Time is expensive. And working with the wrong people for six months can put you even further behind.
9. What tools do you use to run your business?
We use Slack and Google Workspace to run the company.
We’re a HubSpot Platinum Partner, and all our sales and marketing go through there. For project management, we’re currently on Wrike but migrating to Monday next year.
We also use AI, but mostly for research and analysis. Not content creation. Our teams use it to synthesize large datasets and build outlines, but everything customer-facing is still human-built. That may change if clients want more volume, but for now, we believe in the human touch.
10. What’s been the most helpful content or book for you?
I read a lot of articles, more than books. I like short, timely takes over long, dated deep dives.
That said, one book I always recommend is Great Teams by Don Yaeger. It’s about what high-performing sports teams do to win, and how those lessons apply to business. I played sports through college, so that resonated.
It’s shaped how we build and manage our team.
11. If you had to start a brand new business today, what would it be?
I’d probably start an MVP dev shop. We got into software development through tinkering on Replit. The tools now are so good you can build a weekend prototype for a few hundred bucks.
If I had to start over, I’d go on Reddit, find people with startup ideas, and offer to build their MVP for a small fee and equity. You could spin up five or ten a month and build a portfolio of SaaS bets pretty quickly.
12. What’s your best advice for other founders?
Sell the problem, not the product.
If you walk into a pitch talking about features, people treat you like a commodity. But if you start with their pain and show you understand it deeply, you earn trust. And trust is what closes deals.
Our Takeaways
Don’t sell services. Sell the problem. Grey Matter’s growth comes from reframing their pitch around what clients are struggling with, not what they offer.

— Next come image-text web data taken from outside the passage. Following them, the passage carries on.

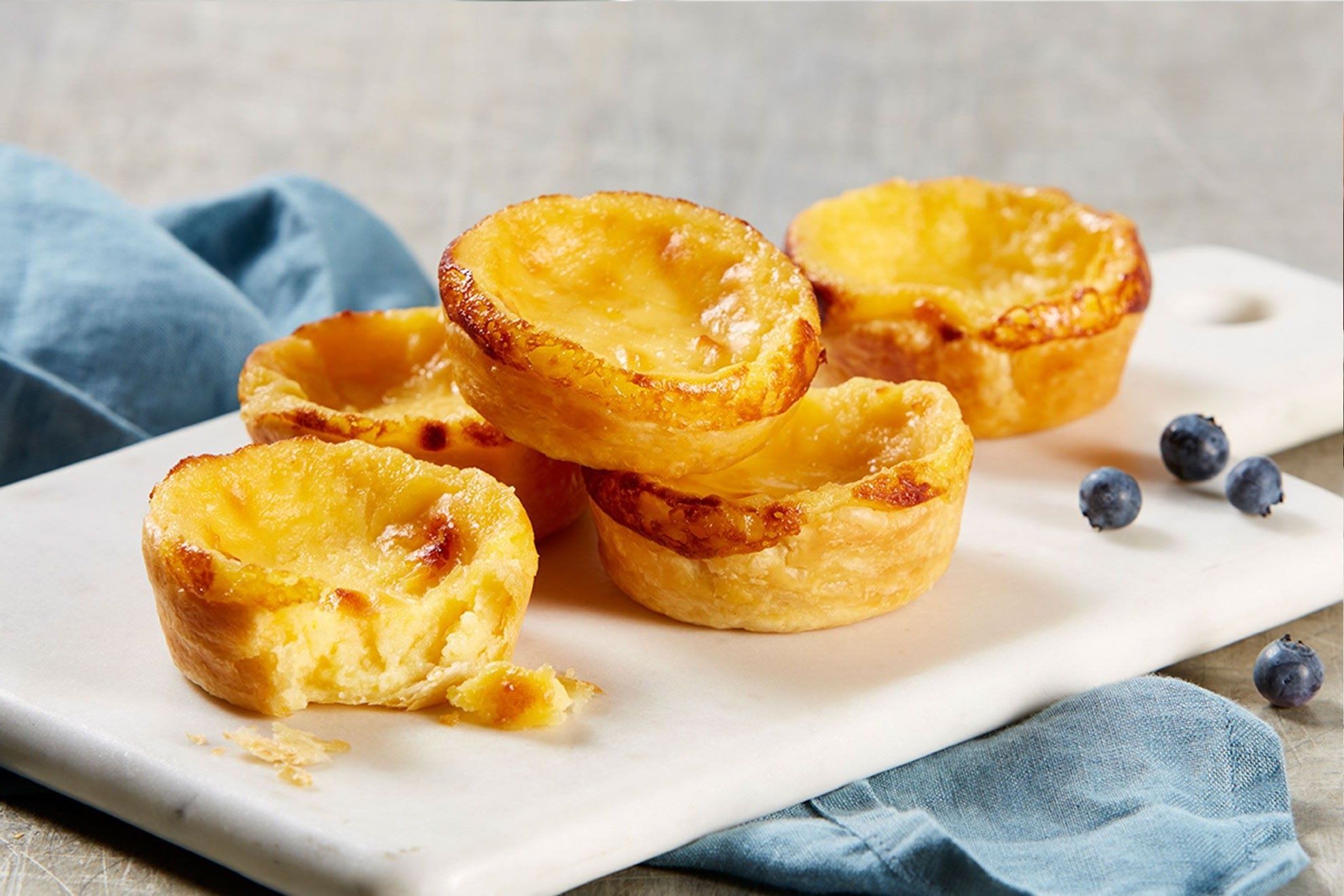 portuguese-custard-tarts-recipe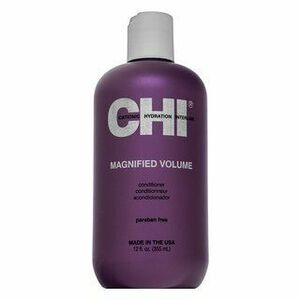 CHI Magnified Volume Conditioner volumen növelésre 350 ml kép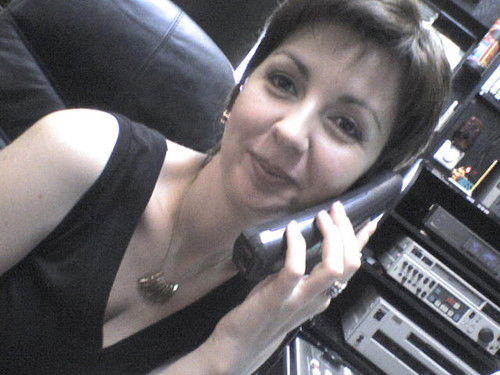 Татьяна Побегун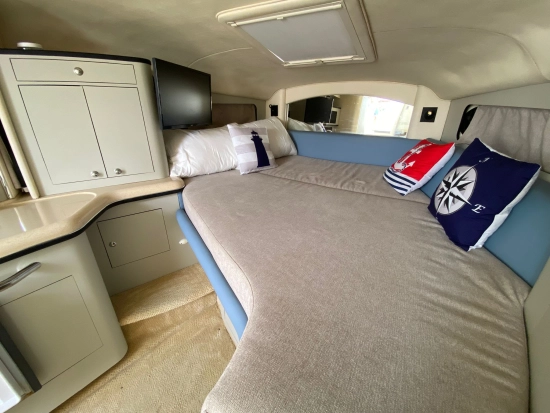 Sea Ray Sundancer 335 de segunda mano en venta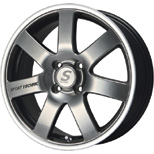 SPORT TECHNIC/スポーツテクニック MONO7ヴィジョン Limited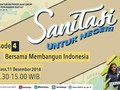 Kemitraan Pemda Kelola Sampah Jadi Kunci Warga Sejahtera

Google Ads work really well if you know how to use them. Their entire $6.5M pipeline runs on Google Ads, with a strategy built around problem-centric copy.
Raise prices to slow demand and fund better service. They increased pricing to reduce churn, then used the margin to hire stronger talent and scale delivery.
AI is for leverage, not shortcuts. They use AI to analyze data and build frameworks, but still rely on humans for creative work.